**Instructions to follow:** Using the records below, give again exactly the lines from the line that contains "Villa Faidherbe, Asnières-sur-Seine" through the line that contains "Wrangler Men's Contrast", both ends included, and only those.

Working data below:

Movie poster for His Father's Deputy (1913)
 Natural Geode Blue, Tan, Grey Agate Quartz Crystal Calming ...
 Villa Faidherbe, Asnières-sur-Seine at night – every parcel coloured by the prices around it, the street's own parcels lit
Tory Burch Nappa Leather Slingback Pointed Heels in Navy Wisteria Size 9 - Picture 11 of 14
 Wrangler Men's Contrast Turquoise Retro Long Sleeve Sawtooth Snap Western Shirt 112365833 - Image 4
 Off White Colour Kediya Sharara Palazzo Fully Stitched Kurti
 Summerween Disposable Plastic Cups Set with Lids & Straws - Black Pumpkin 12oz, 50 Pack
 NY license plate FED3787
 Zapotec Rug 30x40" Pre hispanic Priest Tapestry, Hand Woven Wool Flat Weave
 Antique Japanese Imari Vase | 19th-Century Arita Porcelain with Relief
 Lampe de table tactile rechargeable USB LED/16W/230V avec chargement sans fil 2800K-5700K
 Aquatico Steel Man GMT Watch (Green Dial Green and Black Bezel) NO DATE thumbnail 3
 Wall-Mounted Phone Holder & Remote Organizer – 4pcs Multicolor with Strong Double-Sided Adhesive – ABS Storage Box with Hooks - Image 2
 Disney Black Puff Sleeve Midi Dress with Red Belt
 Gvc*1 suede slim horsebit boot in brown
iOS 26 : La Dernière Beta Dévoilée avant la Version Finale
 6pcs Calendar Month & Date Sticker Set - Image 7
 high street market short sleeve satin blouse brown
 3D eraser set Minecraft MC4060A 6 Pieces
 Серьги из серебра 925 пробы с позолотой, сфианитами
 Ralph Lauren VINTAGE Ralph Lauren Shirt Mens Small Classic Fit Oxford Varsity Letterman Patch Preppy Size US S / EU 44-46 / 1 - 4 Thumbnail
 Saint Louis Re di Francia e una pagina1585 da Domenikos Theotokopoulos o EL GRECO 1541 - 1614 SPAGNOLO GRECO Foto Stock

End of Working data.

**Exercise result:**
 Villa Faidherbe, Asnières-sur-Seine at night – every parcel coloured by the prices around it, the street's own parcels lit
Tory Burch Nappa Leather Slingback Pointed Heels in Navy Wisteria Size 9 - Picture 11 of 14
 Wrangler Men's Contrast Turquoise Retro Long Sleeve Sawtooth Snap Western Shirt 112365833 - Image 4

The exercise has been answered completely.